Anthropic trained Claude using massive amounts of XML data. If you want structural isolation—meaning you want Claude to separate its "scratchpad thoughts" from its "final answer"—you must use XML tags. Not markdown headers. Not JSON nested objects. XML.

The Double-Tag Implementation

When I build a backend agent using Claude, my system prompt always forces it to think before acting.

"Before providing your final code solution, you MUST outline your architectural decisions inside <scratchpad> tags. Consider the edge cases. Once you have finalized your approach, provide the production ready code inside <solution> tags."

On the backend API route, when Claude streams its response, I can use a Regex check to filter out the <scratchpad> before it gets to the user's screen. The user never sees the reasoning, they only see the instantaneous, highly-optimized <solution> code.

This technique essentially creates an "o1-style" reasoning model but using Claude 3.5 Sonnet, giving you immense speed and unprecedented coding accuracy. Note that Anthropic has now introduced 'Extended Thinking' mode naturally into Sonnet 3.7, but controlling it manually with XML tags still remains the best way to enforce exact formatting protocols.

Phase 4: Prefilling the Assistant Response

Here is a ninja trick completely unique to the Anthropic API. With OpenAI, an API request ends with the 'user' message.
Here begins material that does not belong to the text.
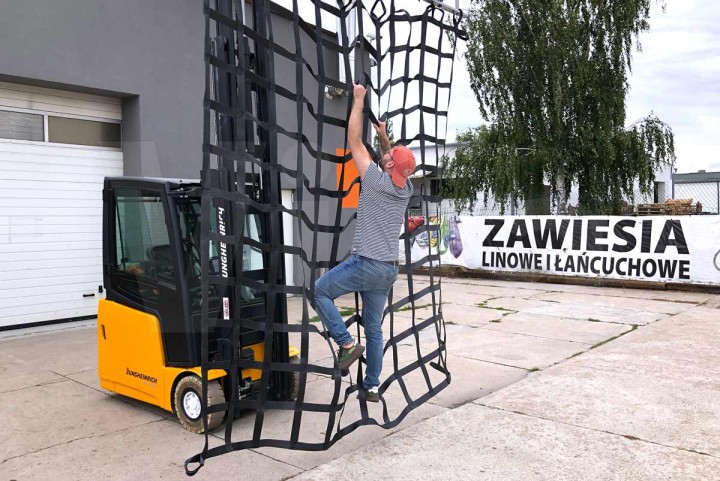 Siatka do wspinania na tor przeszkód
But Anthropic allows you to send an API request that ends with an 'assistant' message.

What does this mean? It means you can force Claude to start its sentence with specific text. Let's say you want Claude to generate a JSON object containing SEO metadata, but Claude keeps stubbornly adding conversational fluff like "Here is your JSON:" at the beginning.

// Force Claude to spit out raw JSON by prefilling the opening bracket
const msg = await anthropic.messages.create({
  model: "claude-3-5-sonnet-20241022",
  max_tokens: 1024,
  messages: [
    { role: "user", content: "Extract metadata from this article into JSON format." },
    // PREFILLING THE ASSISTANT:
    { role: "assistant", content: "{" } 
  ]
});

// The result will literally start the stream right AFTER the '{' character!
console.log(msg.content[0].text); // Outputs: "title": "My Article", ...

By prefilling the assistant message with a literal open bracket {, Claude's autocomplete nature forces it to immediately start outputting valid JSON keys. It mathematically cannot output conversational fluff because it believes it has already started a JSON block. This is the single most powerful technique for structured data extraction I have ever found.

Final Thoughts

Building applications with the Claude API requires a shift in mindset. You must respect the XML tagging protocol, you must manage your serverless streaming timeouts, and you must utilize tools like Prefilling to constrain outputs perfectly.

If you follow the architecture outlined in this article, you will bypass the massive "glue code" pipelines most developers build to sanitize LLM outputs. You will have a lightning-fast, highly deterministic application powered by arguably the best coding intelligence on the planet.